# salary tax rate and shares



## ali90 (Apr 15, 2016)

I have 2 questions. 

First
If my pay as per company is 100K an anum but I came to the country in July and will be filing taxes in December (I assume), it means that I earned around 50K because my earned income was 50K even though the documented is 100K. The company deducts taxes before paying me salary, when I do filing in the end of year will I get a refund based on a different tax rate?

Second:
I work for a private company, is there a trend in Canada to ask for shares from employer rather than salary (some percentage mix), and then I can sell the shares? Will this save some money on taxes? or it is only possible with multi nationals or not possible at all?

Thanks


----------



## Numbersman61 (Jan 26, 2015)

ali90 said:


> I have 2 questions.
> 
> First
> If my pay as per company is 100K an anum but I came to the country in July and will be filing taxes in December (I assume), it means that I earned around 50K because my earned income was 50K even though the documented is 100K. The company deducts taxes before paying me salary, when I do filing in the end of year will I get a refund based on a different tax rate?
> ...


First question - yes, you'll likely get a refund when you file your tax return
Second question- the time to discuss share compensation is before you start; not after. I suggest you wait a few years and see how things work out. Share compensation in a private company has many complications - tax and valuation issues. Many private companies reward employees with bonuses - depends on the size of the company and the views of the owners. There can be tax advantages to share compensation plans but there can be significant legal and accounting costs in designing and implementing the plan.


----------



## Eclectic12 (Oct 20, 2010)

Numbersman61 said:


> ali90 said:
> 
> 
> > ... If my pay as per company is 100K an anum but I came to the country in July and will be filing taxes in December (I assume), it means that I earned around 50K because my earned income was 50K even though the documented is 100K. The company deducts taxes before paying me salary, when I do filing in the end of year will I get a refund based on a different tax rate?
> ...


It is possible ... but I doubt it will work out this way. Or it may work out to a smaller number than the OP is thinking.
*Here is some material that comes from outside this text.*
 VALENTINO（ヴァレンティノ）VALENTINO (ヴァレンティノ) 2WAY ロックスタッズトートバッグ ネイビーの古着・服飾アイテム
The OP says $50K of the annual salary was paid so the annual salary will factor into the computer programs to set the correct amount of tax *per pay cheque*. The net result of this should be that the amount of tax deducted should line up with the $50K employment income paid. 

It is true that when the final 2016 tax return is filed, a reconciliation will happen. Should the amount of income tax sent to the gov't end up being higher than what the final income works out to - then there will be a refund. 

Keep in mind that there was actions the employee can take on their own, without the employer's knowledge that will reduce the taxable employment income. Examples include but are not limited to RRSP contributions, charitable donations and political party donations.

From the description ... I don't see how the company would mess up to the point of deducting income tax for double of what the employment income that was paid. 



BTW ... the OP should learn about the Canadian tax system. 

The 2016 tax year is from Jan 1st to Dec 31st, 2016 but the employer is not required to provide the T4 slip that lists what was paid, what was sent to the gov't etc. until end of Feb 2017. Unless one fits an exception, individual tax return are due on or before April 30th, 2017.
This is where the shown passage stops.